On essaie de rester positif, de changer les choses qui ne vont pas. Il faut leur donner envie sur le terrain. Dialoguer avec les mecs est important pour qu’ils aient envie de se sauver. Il faut que tout le monde ait le même objectif. C’est ça qu’il faut arriver à créer, mais ce n’est jamais facile. On a vécu des moments magnifiques la saison dernière, il faut qu’on soit aussi fort dans les moments plus difficiles.
Avez-vous peur de cette deuxième partie de saison ?
Au pire quoi ? On redescend. C’est une expérience pour ce groupe qui est importante. Ils peuvent encore créer l’exploit de maintenir le club en Top 14. C’est leur histoire, notre histoire. S’ils ont envie de se sauver et de sauver le club, je suis encore sûr à 100 % qu’on peut le faire mais il faut que tout le monde ait envie de la même chose. À eux de voir ce qu’ils ont envie de faire.

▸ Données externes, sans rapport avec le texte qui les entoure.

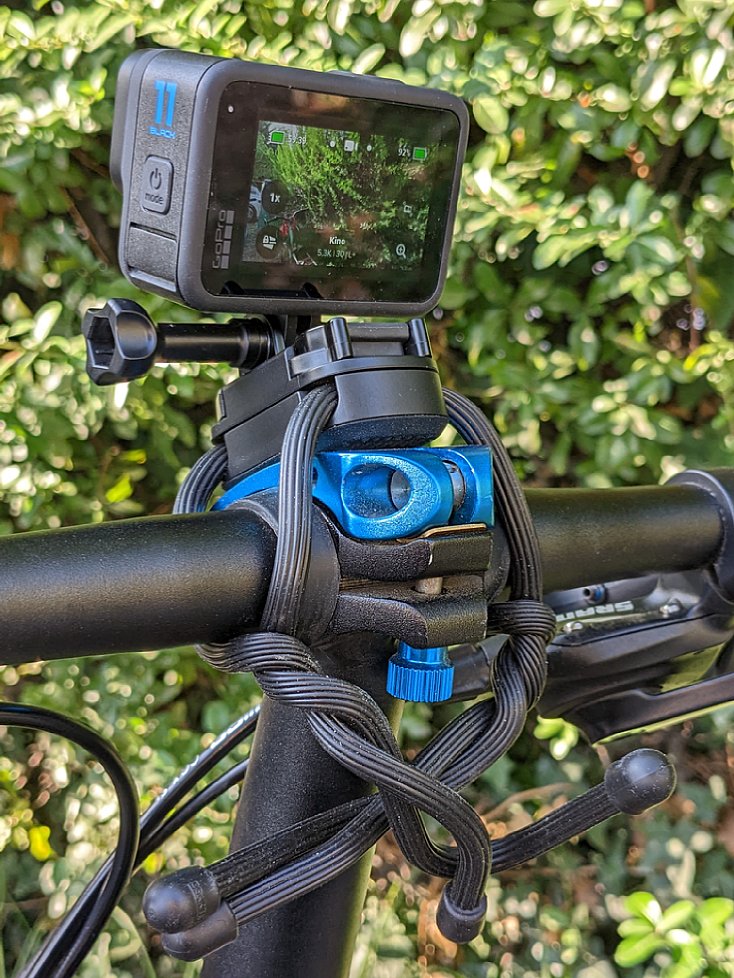 Bild Die GoPro Gumby Universal-Halterung kann mit den "Nite Ize Gear Tie Rubber Twist Ties" genannten Gummi-Bindern an Fahrradlenkern oder anderen rohrähnlichen Objekten befestigt werden. [Foto: MediaNord]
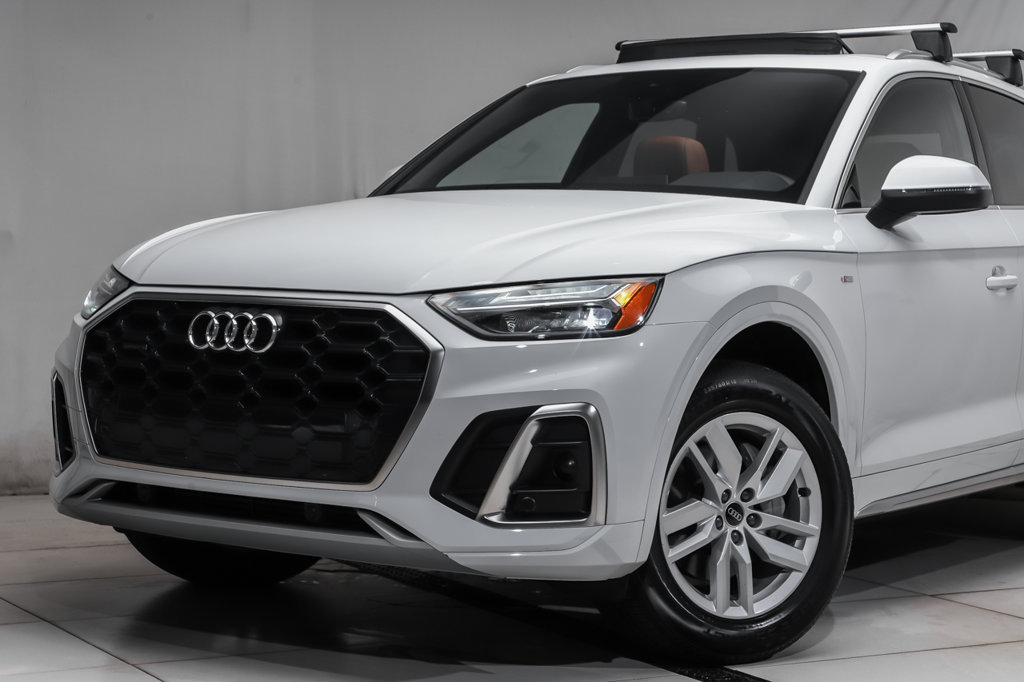 Used 2024 Audi Q5 2.0T Premium w/ Convenience Package AWD/4WD image 2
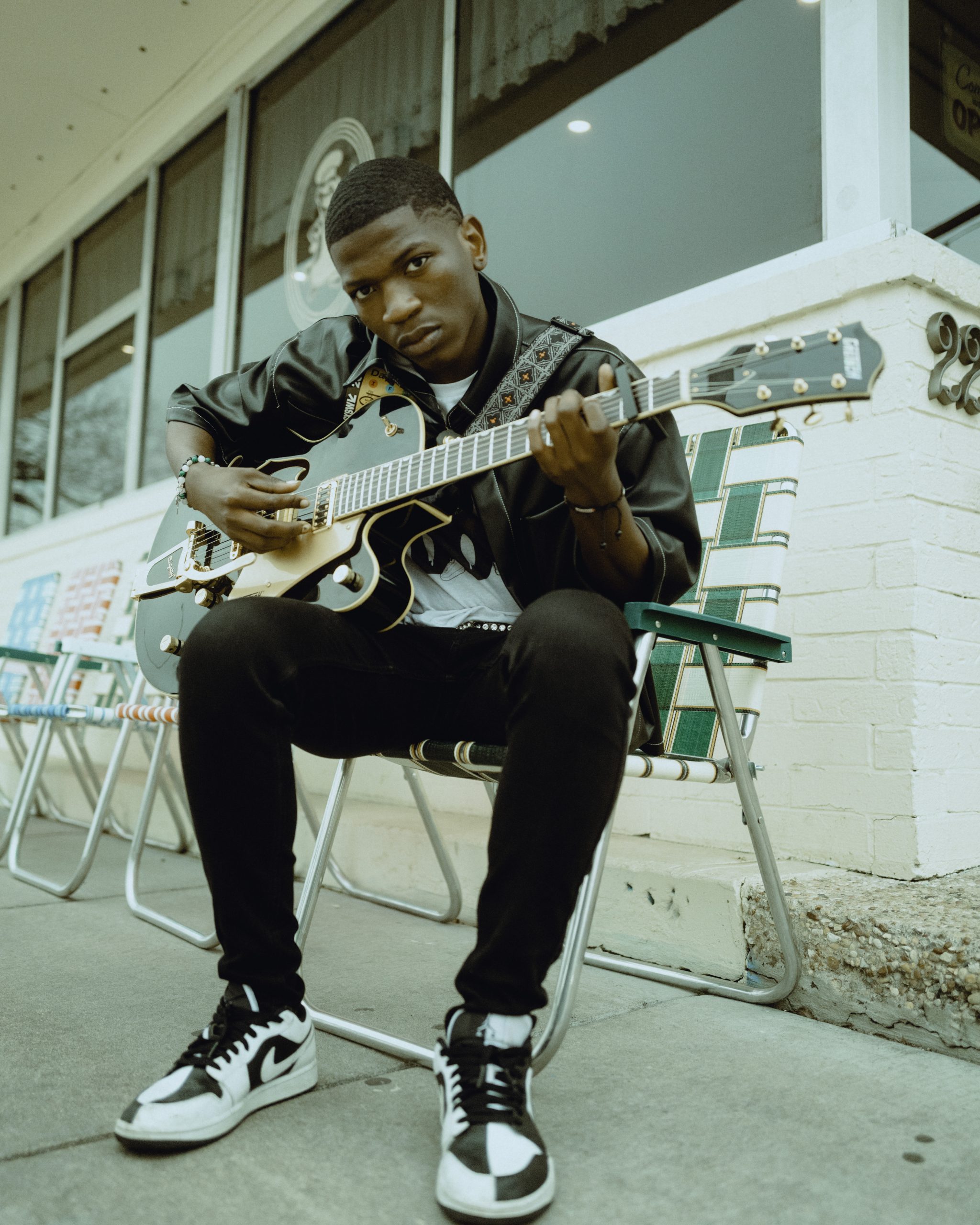 DrippDaDon Introduces Vibrant Single “JUJU”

Qu’attendez-vous de vos joueurs pour la suite ?
Toujours pareil, un investissement à 200 % dans ce qu’on fait, rester soudés et connectés. On est capable de se maintenir donc j’aimerais que chacun se prenne en main pour monter encore le niveau et faire les efforts nécessaires pour atteindre cet objectif.
En tant qu’entraîneur, quelles leçons avez-vous tirées de ce début de saison ?
La différence de niveau entre la Pro D2 et le Top 14. Chaque détail est important, même si je le savais déjà. La difficulté d’enchaîner autant de matchs. Il faut être prêt à ça et il faut avoir les joueurs prêts pour ça.